Prof Porter said the skills of the 350-strong team at the RCDM have had to progress at a "significant rate".
He said: "We've been seeing injuries coming out of Afghanistan we simply don't find in textbooks.
"They can be divided into two types, those caused by gunshot wounds and blast injuries caused by Improvised Explosive Devices (IEDs) which are the most severe.
"We've had to debate and discuss how to manage these complex problems and draw on the experience of military surgeons on an international level, including the US where there's big exposure to trauma."
Prof Porter said the team was formed of a "unique blend" of civilian and military personnel.
This team works with colleagues at the £20m the National Institute for Health Research (NIHR).
He said: "Some of our patients are very critically injured and it's a great delight to see many unexpected survivors.
"We are very proud of our records that over a decade we have only lost nine or 10 patients here at Birmingham as a consequence of their wounds.
"There are others who have sadly died because of their head injuries, but relative to the number of patients who we see that figure is very impressive."
When asked if the Ministry of Defence (MoD) could be doing more to improve force protection to help curb the scale of the injuries, he said the introduction of "blast pants" had helped.
"They have significantly modified the extent of genital injuries and our feedback chain to the MoD is very robust in terms of what is working and what isn't."
The MoD said anyone who went on operation had been issued with pelvic protection, as standard, since 2010.
It said further developments meant three-layered protection was now being used, although protection had to be weighed up against flexibility of movement.
A spokesman said: "They [troops] are also issued with an extensive 'black bag' of personal kit worth £3,000.
"So whilst some soldiers may choose to purchase additional items, they are provided with all the necessary kit they require.
"We continually work with scientists, medics and service personnel to ensure that our equipment and vehicles are best suited to meet the emerging threats in Afghanistan, and the Urgent Operational Requirement process has helped to provide billions of pounds of kit as quickly as the technology has become available."
Force protection has had to evolve to mitigate the emerging threat, the MoD said.

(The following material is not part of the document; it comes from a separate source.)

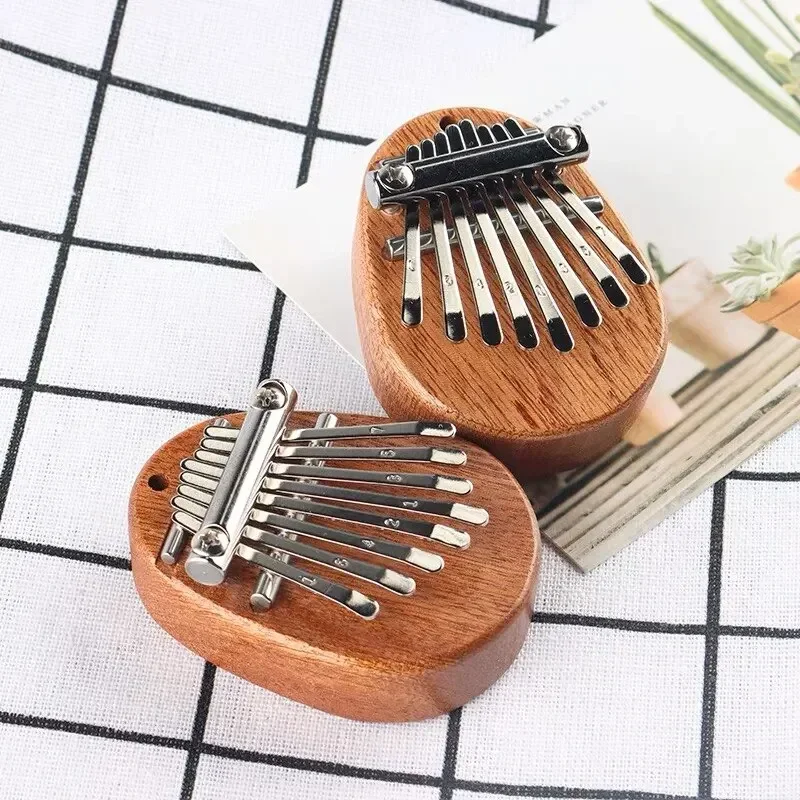 1Pcs Wood Mini Thumb Piano Mus - Musical Instrument For Beginners 评论和价格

It is not just on the front line where servicemen need safeguarding, added Prof Porter.
He said the "gap" between wound care treatment for serving soldiers compared to those who had been discharged needed addressing and he had become a patron of a charity called Woundcare 4 Heroes.
"There will be a significant legacy factor after this war and it's our job to make sure they're captured and get the best advice for their ongoing life.
"Fundamentally there are some complex problems many clinicians will not have been exposed to.
"Discussions are going on with the Department of Health about how we ensure we look after our veterans and this is a work in progress," said Prof Porter.
The Birmingham-based charity was founded by Claire Stephens, a nurse specialist from Bromsgrove, Worcestershire, who is a former nursing officer captain of The Queen Alexandra's Royal Army Nursing Corps.
She was wounded herself and medically discharged last year.
She said: "The problems start to arise when servicemen are discharged and cascaded outside of the military - that's no disrespect to the NHS, but wound care within the military and within the NHS are very different."
The Department of Health has welcomed the support offered by the charity.
A spokesperson said: "We work closely with the MoD, NHS, armed forces networks and service charities to make sure those wounded whilst serving their country continue to get the right care they need once they leave the armed forces.
"Much of the wound care received by those still serving will be provided by the NHS."
Prof Porter said: "When we come out of Afghanistan we need to make sure everything we've learnt is documented.
"There's been a tremendous advancement and we're working hard to ensure we capture all the legacy issues."